The In Pinn – in the news <em>Picture: Perkin Warbeck</em>

The In Pinn – in the news Picture: Perkin Warbeck

Turning away – for a moment at least – from the politics and palaver of the Fisherfield hill-survey saga, a few other recent outdoors stories merit mention.

First up has to be the heartwarming tale of the charity donation box accidentally left on Ben Lomond by a team of path-repairers. This, rather than being snaffled or emptied as tends to be assumed to be the modern way, turned up not just intact but containing more money than when it was lost.

The incident was reported in the aftermath of the English riots, and formed a nice contrast to those, a kind of anti-looting story. Rather than taking stuff, people made donations (admittedly of cash, rather than of plasma TVs, iPhones and horrible designer sportswear) without any prompting.

It would be wrong to overanalyse this, however, and to portray it as Scottish generosity versus English graspingness – plenty of non-Scots climb Ben Lomond, after all, and there’s a fair chance that a charity box left inadvertently on, say, Skiddaw in England or Tryfan in Wales would likewise receive a top-up.

Neither is it metropolitan materialism versus gentler rural ways, given that the majority of people who climb Ben Lomond surely come from urban areas. It is, though, a nice story, from which everyone emerges in a good light.

Talking of boxes containing money, the latest pay-to-park story is being subjected to scrutiny and discussion. The latter part of this month sees the start of a two-year trial period in which visitors will be asked to make a voluntary £2 donation when parking at the humongous Coire Cas car park – alongside the funicular railway base station and at the branching-off point for a variety of hill paths, eg across towards the Northern Corries.

Whether the charge would then, come 2013, be made compulsory remains to be seen – but that has been the pattern elsewhere following voluntary trial periods. The donation scheme is being introduced by CairnGorm Mountain Ltd (CML), having been approved on 22 July by the Cairngorms National Park Authority.

It wouldn’t, strictly speaking, be something entirely new at Coire Cas. As Colin Kirkwood, chief executive of CML, has pointed out, until the early 1980s there was “a manned booth which charged on exit”. Kirkwood argues for the new charges on the basis of “looking to ask visitors to put something towards a reinvestment in footpaths, environmental projects, car parks and facilities”.

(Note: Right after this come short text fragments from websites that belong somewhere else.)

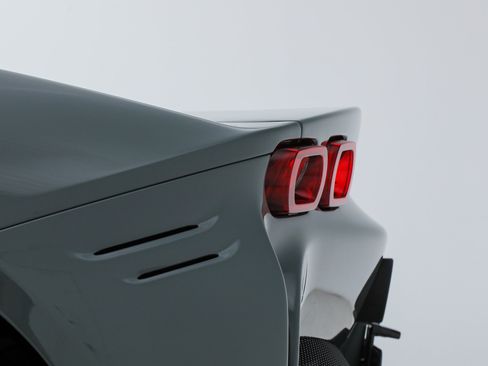 Certified 2025 Ferrari SF90 Spider AWD/4WD image 28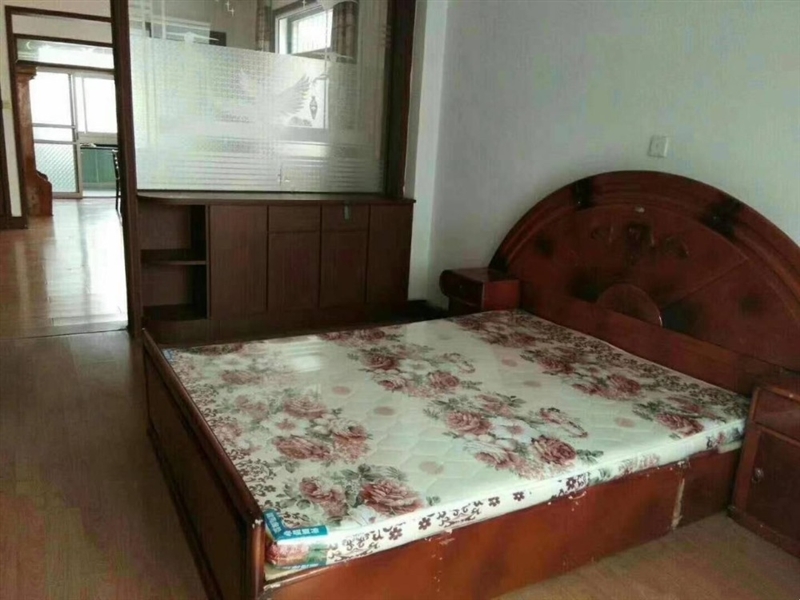 一小附近,三室两厅精装步梯低层,南北通透拎包入住楼下好停车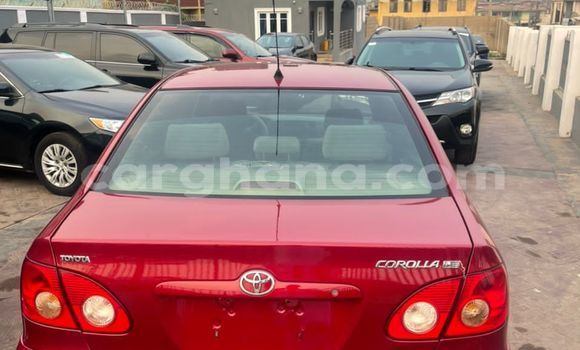 Ra Àlòkù Toyota Corolla Red Ọkọ̀ in Iwọn didun ni Oorun Ra Àlòkù Toyota Corolla Red Ọkọ̀ in Iwọn didun ni Oorun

Certainly the path network hereabouts has been upgraded massively, to a high standard, and such things do not come cheap. On the other hand, there are those who see the whole going-like-a-fair aspect of Coire Cas as already being an unwelcome and very visible commercial intrusion into the hills.

Add to that the old tensions between skiers (who pay for all sorts of stuff – day passes etc) and walkers and climbers (easy to portray as freeloaders given that they simply park the car and march off self-reliantly on foot). Add also the old argument that £2 is next to nothing on top of fuel costs – which tends to assume everyone is a holidaymaker coming from miles away, rather than a Strathspey local who might like to go to Coire Cas every few days and for whom a regular £2 hit would feature much higher in the mix.

And add, too, the curious lopsidedness whereby pay-to-park for hill activities has become established in certain places on the east side of the Highlands – Glen Muick, Linn of Dee, etc – but not so much in the west (Loch Long excepted). What, if anything, does that say about different-area mentalities?

For now, the Mountaineering Council of Scotland – a key voice in the Coire Cas debate as it has an interest in walking, climbing and skiing – seems happy enough about the voluntary charge but cautious about what might happen thereafter.

See also the discussion at Winterhighland. One to watch.

Turning briefly to less serious matters, readers of the Sun and the Daily Mail last week were treated to – and perhaps puzzled by – a photo-story in which Graeme Ettle climbed the Inaccessible Pinnacle, photographed by Dave Cuthbertson.

“He’s a Pinn-up”, was Wapping’s take on it, while Paul Dacre’s staff opted for the more formal “Conquering the In Pin: Intrepid free climber reaches the summit of Britain’s most Inaccessible Pinnacle without a rope”.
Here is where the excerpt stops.